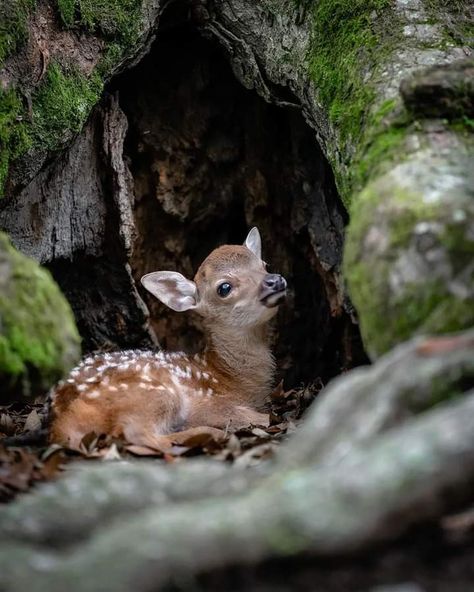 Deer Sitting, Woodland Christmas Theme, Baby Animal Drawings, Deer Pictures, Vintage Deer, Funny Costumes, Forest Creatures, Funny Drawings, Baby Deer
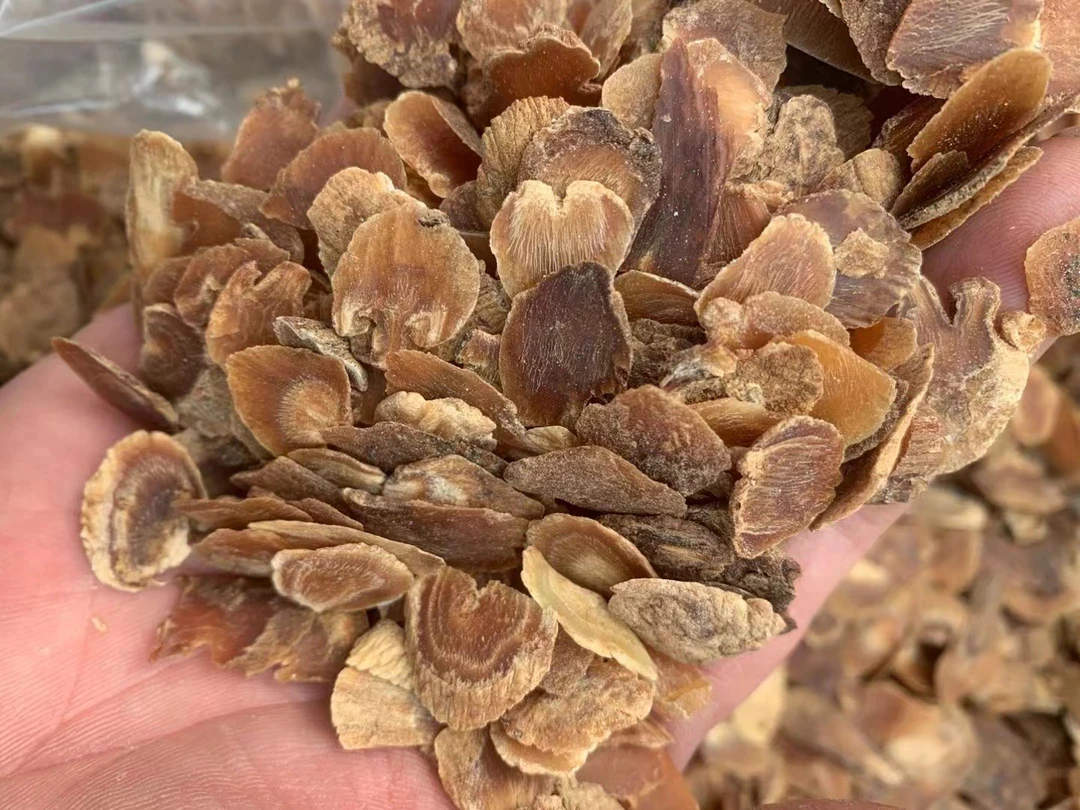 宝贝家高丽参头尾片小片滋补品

...

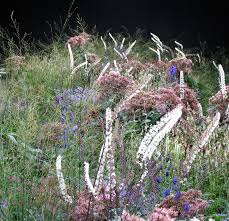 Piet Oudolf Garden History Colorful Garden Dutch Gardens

WHAT IS BEING ASKED: In the data above, find the line containing "Deer Sitting, Woodland" and the line containing "宝贝家高丽参头尾片小片滋补品". Repeat those two lines and everything between them exactly, minus the pictures.

RESULT FOR THIS TASK:
 Deer Sitting, Woodland Christmas Theme, Baby Animal Drawings, Deer Pictures, Vintage Deer, Funny Costumes, Forest Creatures, Funny Drawings, Baby Deer
 宝贝家高丽参头尾片小片滋补品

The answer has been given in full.